The new Strategy should be a reset, not another rerun. Year after year, roads policing has been handed responsibility without the resources to deliver; fewer officers, less visibility and eroded specialist capability. That’s exactly what our Copped Enough campaign is about – a system that keeps asking police to do more with less, then acts surprised when outcomes don’t improve.

Section 163 is a case in point. Officers are told they have the power to stop vehicles, yet the law does not properly support them to do so safely in modern roadside conditions with high‑speed carriageways, distracted drivers and increasing hostility at the roadside. A power you cannot confidently enact is not a meaningful power. The message on paper is clear; the reality on the hard shoulder is anything near to it.

There is a widening gap between virtue signalling and delivery. Strategies speak fluently about safety outcomes, but the system fails to invest in the people asked to make those outcomes real. Roads policing has been pared back over years, while expectations have multiplied. Every new expectation placed on officers without funding and support makes enforcement weaker, not stronger.

Too often, road safety policy assumes an enforcement capacity that simply does not exist. Announcements cannot operate breathalysers, secure collisions, investigate fatalities, or seize vehicles. You cannot reduce deaths on the road by announcement alone. Without sustained investment in specialist training, equipment and coordination with the CPS and courts, the new Strategy risks promising what frontline officers cannot deliver.

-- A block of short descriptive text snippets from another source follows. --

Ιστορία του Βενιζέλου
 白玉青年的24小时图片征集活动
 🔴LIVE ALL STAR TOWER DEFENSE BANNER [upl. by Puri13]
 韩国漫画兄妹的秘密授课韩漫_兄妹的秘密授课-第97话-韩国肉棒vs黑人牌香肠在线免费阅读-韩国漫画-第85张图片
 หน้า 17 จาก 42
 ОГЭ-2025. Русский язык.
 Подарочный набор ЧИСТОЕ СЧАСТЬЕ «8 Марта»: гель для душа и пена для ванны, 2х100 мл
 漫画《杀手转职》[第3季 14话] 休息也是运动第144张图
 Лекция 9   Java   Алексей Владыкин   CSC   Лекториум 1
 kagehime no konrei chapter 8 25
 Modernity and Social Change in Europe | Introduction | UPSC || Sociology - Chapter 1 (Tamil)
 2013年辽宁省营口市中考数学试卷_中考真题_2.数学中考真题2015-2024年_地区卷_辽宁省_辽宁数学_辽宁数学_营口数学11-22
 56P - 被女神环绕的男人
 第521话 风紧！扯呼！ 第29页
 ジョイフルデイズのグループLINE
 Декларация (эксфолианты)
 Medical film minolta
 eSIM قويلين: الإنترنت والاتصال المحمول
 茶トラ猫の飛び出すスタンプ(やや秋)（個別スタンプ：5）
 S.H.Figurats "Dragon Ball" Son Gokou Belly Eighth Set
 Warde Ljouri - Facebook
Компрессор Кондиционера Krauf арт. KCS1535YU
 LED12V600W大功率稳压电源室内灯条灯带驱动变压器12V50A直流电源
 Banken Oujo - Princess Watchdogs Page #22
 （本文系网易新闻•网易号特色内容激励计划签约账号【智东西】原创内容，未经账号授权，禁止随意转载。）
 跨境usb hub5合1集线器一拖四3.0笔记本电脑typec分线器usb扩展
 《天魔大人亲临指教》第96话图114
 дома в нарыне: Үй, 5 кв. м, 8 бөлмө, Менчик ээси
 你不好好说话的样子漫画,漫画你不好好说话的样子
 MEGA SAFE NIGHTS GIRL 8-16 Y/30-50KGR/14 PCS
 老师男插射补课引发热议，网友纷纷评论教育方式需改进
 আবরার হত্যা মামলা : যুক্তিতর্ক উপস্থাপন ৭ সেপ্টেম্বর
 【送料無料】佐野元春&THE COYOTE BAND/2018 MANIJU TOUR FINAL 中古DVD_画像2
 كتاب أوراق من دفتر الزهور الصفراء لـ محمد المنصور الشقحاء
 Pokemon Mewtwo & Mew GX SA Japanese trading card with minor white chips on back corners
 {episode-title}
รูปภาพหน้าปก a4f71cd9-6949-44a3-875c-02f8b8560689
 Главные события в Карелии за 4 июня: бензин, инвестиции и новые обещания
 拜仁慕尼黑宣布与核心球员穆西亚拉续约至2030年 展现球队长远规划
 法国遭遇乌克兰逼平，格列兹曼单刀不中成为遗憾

Lowering drink drive limits may be well intentioned, but without matching enforcement capacity it risks increasing drivers who choose to flee rather than engage. That directly increases danger for officers and the public.

If the government is serious about road safety and Vision Zero, it must be honest about what works: properly paid, properly trained officers, backed by investment, not rhetoric. Without that strategies are ultimately meaningless because the same tragedies will persist and repeat.

The human consequences are real. When officers hesitate because the law leaves them exposed – uncertain powers, unclear guidance or inadequate backing – dangerous drivers stay on the road. That is how good intentions turn into poor outcomes.

This is not a critique of intent. The aims are right. But success requires three non‑negotiables: targeted investment in roads policing, modernised training and technology and legal clarity that matches today’s roadside risks. Align words with means and measure success not by announcements but by fewer collisions, fewer serious injuries and fewer bereaved families. That is the difference between aspiration and accountability, and the only route to safer roads in 2026.